Özellikle raviler dirayetli ve rivayet esaslarını iyi bilen kimselerse bu
lüzumlu hale gelir. Mustemlinin şeyhin sözlerini aynen tekrar etmemesi halinde
isnadların hadis lafızlarına karışması ve yanlış yazılması tehlikesi vardır. Şu
olay bunu gösterir:
“Hârûnu'd-Dik el-Basri,
Dâvud b. Raşid'in müstemlisi idi. Davud, Haddesenâ Hammâd b. Hâlid dese bunu
kitabına “haddesenâ Hammâd b. Zeyd” diye yazar; istimla anında Hammâd b. Seleme
diye okurdu. Sonra evine gider yazdıklarını okumak ister, doğru dürüst
okuyamayınca da kalkar karısını döğerdi. Kadın da gelip Davud'a şikayet ederdi.
Mustemlinin vazifesi
sadece şeyhin okunan hadislerinin sözlerini tekrar ederek mecliste bulunanlara
duyurmak değildir. Yine el-Hatib'in kaydettiğine göre bir hadis âliminin
meclisinde mustemi olarak bulunan kimsenin görevleri arasında şu işleri yapmak
da vardır:
İmlâya başlamadan Kur'ân
okumak; Kur'ân okunduktan sonra cemaatı susturmak; besmele çekmek; hamdele edip
Nebi (s.a.v.)'e salât ve selam okumak; daha sonra muhaddise dönüp dua ederken o
gün okunacak hadisleri kimlerden rivayet ettiğini sormak, Bundan başka Nebi
(s.a.s)'in ismi her geçtiğinde (Sallallahu aleyhi ve sellem), sahabi ismi
geçtiğinde (radiyallahu anh) demek de mustemlinin görevleri arasındadır.
Şeyhin sesini işitmeden
mustemliden duyulan hadisleri şeyhe nisbet ederek rivayet etmenin cevazı
konusunda basit de olsa görüş ayrılığı vardır. İbnu's-Salâh’ın işaret ettiğine
göre pek çok muhaddis mustemlinin söylediği sözleri mumli denilen şeyhten
rivayet etmeyi caiz görmüşlerdir. Ne var ki müstemlinin tekrar ettiği sözleri
işitmeyip yanındakine sorup öğrendikten sonra şeyhe nisbet ederek rivayetin,
hadis rivayetinde tesahül olduğunu söyleyerek bu cevaza katılmayanlar vardır.

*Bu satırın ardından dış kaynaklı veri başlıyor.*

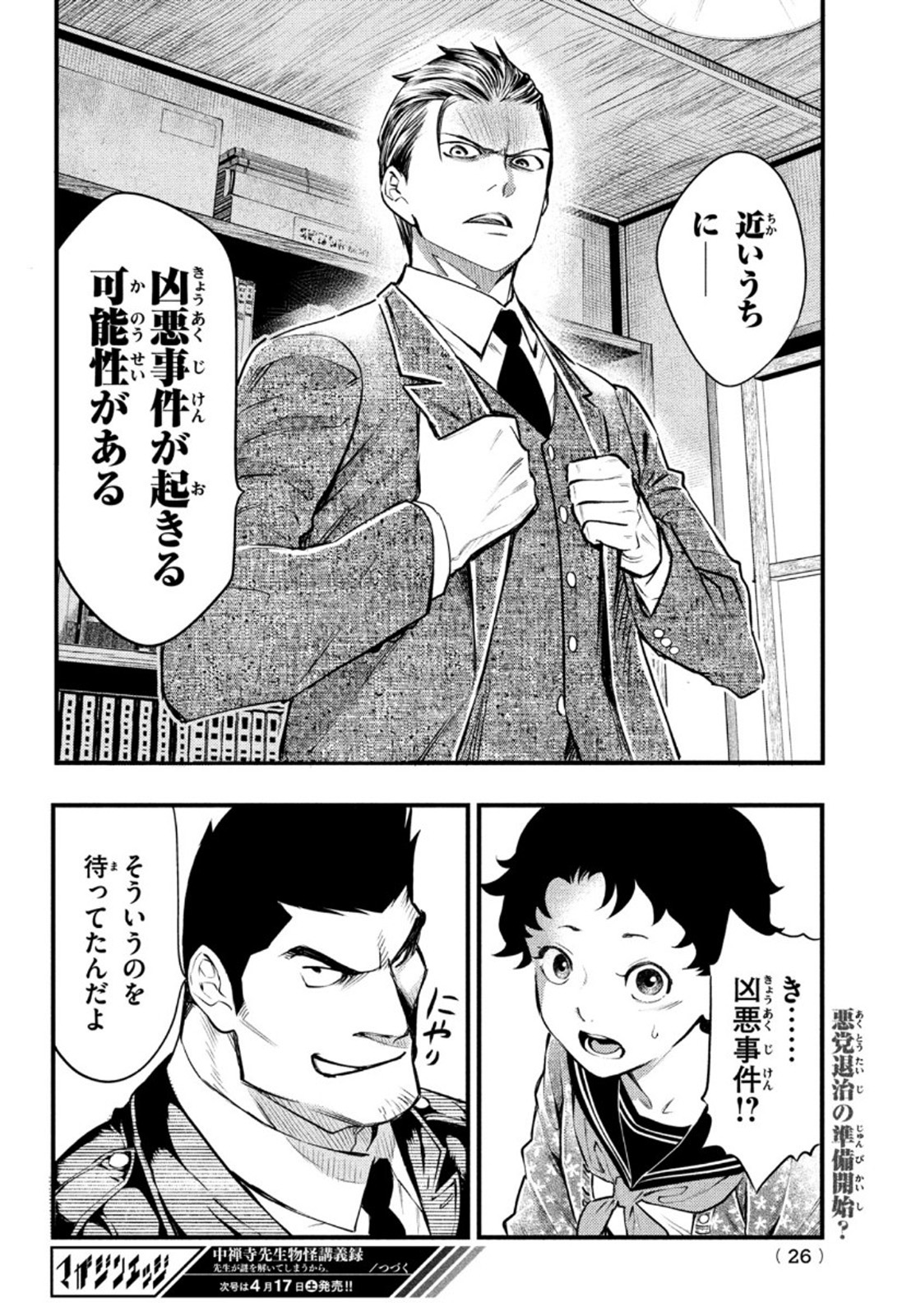 Chuuzenji-sensei Mononoke Kougi-roku - Sensei ga Nazo wo Hodoite Shimau kara - Chapter 18 - Page 23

Sufyân b. Uyeyne caiz olduğu; Buhâri şeyhi Ebu Nuaym el-Fadl b. Dukeyn caiz
olmadığı görüşünde olanlardandır. Sufyan b. Uyeyne'nin yukarıda nakledilen
haberi onun hadis meclisi büyük olduğu takdirde şeyhin sözleri müstemliden işitip
ona isnad ederek rivayeti caiz gördüğüne delil addedilmiştir. Rivayete göre
el-Fadl b. Dukeyn pratikte el-A’meş, Sufyân gibi muhaddislerden dinlediği
hadislerden bir harf, bir isim bile olsa, kulağıyla işitmeyip arkadaşlarından
sorarak öğrendiği tek tük kelimeleri şeyhinden değil arkadaşlarından rivayet
eder, başka türlü hareketi caiz görmezdi. Aynı konuda Halef b. Temim şöyle
demiştir: “Sufyan es-Sevri'den onbin kadar hadis işittim. Rivayet esnasında
bazen bazı hadislerin lafızlarını iyice anlamak ister, yanımda oturandan
sorardım. Bir gün de Zaide b. Kudâme'ye sordum. Bana “kalbinin hıfzettikleri
ile kulağının duyduklarından başkasını sakın rivayet etme” dedi. Ben de hepsini
kaldırıp attım.”
el-Irâki ise şeyhin
hadislerini mustemlinin sözlerinden rivayet etmenin ötedenberi
uygulanageldiğini kaydettik den sonra mustemlinin, şeyhe hadislerini okuyup
arzeden kimse hükmünde olduğuna işaret ederek şöyle der: “Ancak bu durumda
hadislerini imlâ ettiren şeyhin, hadislerini okuyan kârinin sesini işitmesi şart
olduğu gibi mustemlinin sesini duyması da şarttır. Bu konuda ihtiyata uygun
olan, İbn Huzeyme ve diğer bazı alimlerin yaptıklarını yaparak nakledilen
hadisin veya kimi lafızlarının müstemliden işitilmiş olduğunu edâ sırasında
“ahberanâ fulânun bi-tebliği fulânin” diyerek açıklanmasıdır.”
Buhâri'nin rivayet
ettiği bir hadisde Câbir b. Semure şöyle demiştir:
“...Nebi (s.a.s)'i “On
iki emir gelir...” derken duydum. Allah Resulü bir şey daha söyledi ama ben onu
işitemedim. Nebiin burada ne dediğini babam haber verdi ve “hepsi de
Kuteyş’tendir” buyurduğunu söyledi” Burada da Câbir b. Semure kendisi bizzat
Nebi (s.a.s)'in mübarek ağızlarından duydukları sözlerle babası vasıtasıyla
işitmiş olduklarının arasını ayırmıştır.
Hadis meclislerinde imlâ
sistemi ile hadis rivayetinin gördüğü ilgi nisbetinde müstemlilik de önem
kazanmış ve zamanla bir meslek haline gelmiştir. Rical kitaplarında el-mustemli
nisbesi ile görülen pek çok kişi aynı zamanda bu işi görenlerdir.905 Bunlar
yaptıkları işe karşılık ya belirli bir ücret alırlar; ya da şeyhin imlâ ettiği
hadislerin yazılı bir nüshasına sahip olurlardı. Bu ikincisi, hadisle meşgul
olan müstemliler için paha biçilmez bir kazanç sayılırdı.